- **Exercise prompt**
In the listing below, look for "plot" and copy every line that has it.

=== Begin Enclosure ===

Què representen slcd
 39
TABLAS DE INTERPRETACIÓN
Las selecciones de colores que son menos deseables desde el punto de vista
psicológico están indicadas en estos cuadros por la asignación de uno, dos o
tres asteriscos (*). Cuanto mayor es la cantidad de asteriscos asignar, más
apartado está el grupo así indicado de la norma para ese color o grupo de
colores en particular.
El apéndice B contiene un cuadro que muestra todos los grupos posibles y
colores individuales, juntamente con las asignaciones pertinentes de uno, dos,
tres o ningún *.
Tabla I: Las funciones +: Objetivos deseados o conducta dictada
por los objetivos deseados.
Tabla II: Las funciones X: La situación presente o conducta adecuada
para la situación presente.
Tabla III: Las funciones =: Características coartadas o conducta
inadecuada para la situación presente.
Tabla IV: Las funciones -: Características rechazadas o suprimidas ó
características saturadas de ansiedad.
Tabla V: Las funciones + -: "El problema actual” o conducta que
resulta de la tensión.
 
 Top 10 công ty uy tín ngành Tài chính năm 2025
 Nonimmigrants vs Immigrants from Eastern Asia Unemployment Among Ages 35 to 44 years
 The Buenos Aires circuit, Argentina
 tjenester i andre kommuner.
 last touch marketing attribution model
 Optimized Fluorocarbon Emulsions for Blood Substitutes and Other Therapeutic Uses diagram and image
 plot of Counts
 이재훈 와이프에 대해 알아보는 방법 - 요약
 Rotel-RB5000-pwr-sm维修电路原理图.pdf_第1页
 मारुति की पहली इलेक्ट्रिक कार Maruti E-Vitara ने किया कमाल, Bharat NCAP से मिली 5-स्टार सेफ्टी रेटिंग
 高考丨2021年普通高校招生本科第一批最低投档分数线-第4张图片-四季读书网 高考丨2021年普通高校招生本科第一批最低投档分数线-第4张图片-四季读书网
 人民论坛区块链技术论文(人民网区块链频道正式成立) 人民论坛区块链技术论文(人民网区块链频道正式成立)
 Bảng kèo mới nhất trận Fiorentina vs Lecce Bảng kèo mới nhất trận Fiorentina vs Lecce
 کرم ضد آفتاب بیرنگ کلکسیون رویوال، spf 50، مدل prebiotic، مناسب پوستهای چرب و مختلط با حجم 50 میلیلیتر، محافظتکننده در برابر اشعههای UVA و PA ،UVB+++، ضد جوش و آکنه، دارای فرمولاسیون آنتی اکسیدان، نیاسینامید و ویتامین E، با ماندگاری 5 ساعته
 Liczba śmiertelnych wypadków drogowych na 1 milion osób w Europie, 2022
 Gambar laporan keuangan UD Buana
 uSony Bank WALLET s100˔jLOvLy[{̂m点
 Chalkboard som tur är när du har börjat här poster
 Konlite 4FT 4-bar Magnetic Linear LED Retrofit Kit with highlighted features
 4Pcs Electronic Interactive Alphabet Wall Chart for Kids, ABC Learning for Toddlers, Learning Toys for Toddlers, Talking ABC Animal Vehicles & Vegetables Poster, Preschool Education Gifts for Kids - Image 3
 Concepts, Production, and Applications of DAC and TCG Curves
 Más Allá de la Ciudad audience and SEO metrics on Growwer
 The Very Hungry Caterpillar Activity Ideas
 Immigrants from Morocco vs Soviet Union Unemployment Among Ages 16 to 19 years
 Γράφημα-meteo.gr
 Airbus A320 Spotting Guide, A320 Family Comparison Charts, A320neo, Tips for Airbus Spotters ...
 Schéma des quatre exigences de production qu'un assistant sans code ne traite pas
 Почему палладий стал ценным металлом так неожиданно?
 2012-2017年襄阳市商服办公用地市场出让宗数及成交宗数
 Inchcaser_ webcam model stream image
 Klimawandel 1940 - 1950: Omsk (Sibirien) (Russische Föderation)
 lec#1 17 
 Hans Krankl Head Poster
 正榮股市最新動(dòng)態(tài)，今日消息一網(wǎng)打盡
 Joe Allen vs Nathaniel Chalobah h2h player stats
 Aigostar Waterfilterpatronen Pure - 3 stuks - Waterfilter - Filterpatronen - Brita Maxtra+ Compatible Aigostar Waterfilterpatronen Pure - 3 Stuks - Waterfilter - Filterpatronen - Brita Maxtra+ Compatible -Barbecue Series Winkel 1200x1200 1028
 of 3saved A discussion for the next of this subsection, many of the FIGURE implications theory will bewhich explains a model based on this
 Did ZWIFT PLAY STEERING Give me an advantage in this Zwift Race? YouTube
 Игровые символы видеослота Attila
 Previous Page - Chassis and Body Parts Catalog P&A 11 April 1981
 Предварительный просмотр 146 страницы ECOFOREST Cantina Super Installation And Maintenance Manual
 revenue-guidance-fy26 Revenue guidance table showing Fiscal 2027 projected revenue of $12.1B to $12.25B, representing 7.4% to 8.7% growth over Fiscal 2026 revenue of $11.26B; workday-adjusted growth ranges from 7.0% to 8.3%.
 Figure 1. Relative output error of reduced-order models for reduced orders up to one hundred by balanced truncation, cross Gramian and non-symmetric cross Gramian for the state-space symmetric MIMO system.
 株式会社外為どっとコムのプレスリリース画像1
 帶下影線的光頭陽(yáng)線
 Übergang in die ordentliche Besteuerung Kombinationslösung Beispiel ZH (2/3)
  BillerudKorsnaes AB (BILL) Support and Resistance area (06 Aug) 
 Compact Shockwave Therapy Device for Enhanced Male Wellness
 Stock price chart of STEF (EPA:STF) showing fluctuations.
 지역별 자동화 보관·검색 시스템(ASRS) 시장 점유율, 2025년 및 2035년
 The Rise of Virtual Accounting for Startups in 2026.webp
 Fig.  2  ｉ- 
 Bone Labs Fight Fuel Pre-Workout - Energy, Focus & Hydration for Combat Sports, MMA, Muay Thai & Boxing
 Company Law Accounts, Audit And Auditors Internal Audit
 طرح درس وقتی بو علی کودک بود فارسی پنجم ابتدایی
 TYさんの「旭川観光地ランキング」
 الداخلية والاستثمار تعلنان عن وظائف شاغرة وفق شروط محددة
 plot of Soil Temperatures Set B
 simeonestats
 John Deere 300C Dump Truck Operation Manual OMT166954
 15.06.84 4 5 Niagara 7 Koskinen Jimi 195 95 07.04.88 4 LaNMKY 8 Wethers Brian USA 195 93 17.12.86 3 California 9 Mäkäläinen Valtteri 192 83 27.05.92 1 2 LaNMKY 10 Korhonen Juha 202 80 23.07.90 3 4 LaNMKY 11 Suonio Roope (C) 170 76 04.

=== End Enclosure ===

- **Task response**
 plot of Counts
 plot of Soil Temperatures Set B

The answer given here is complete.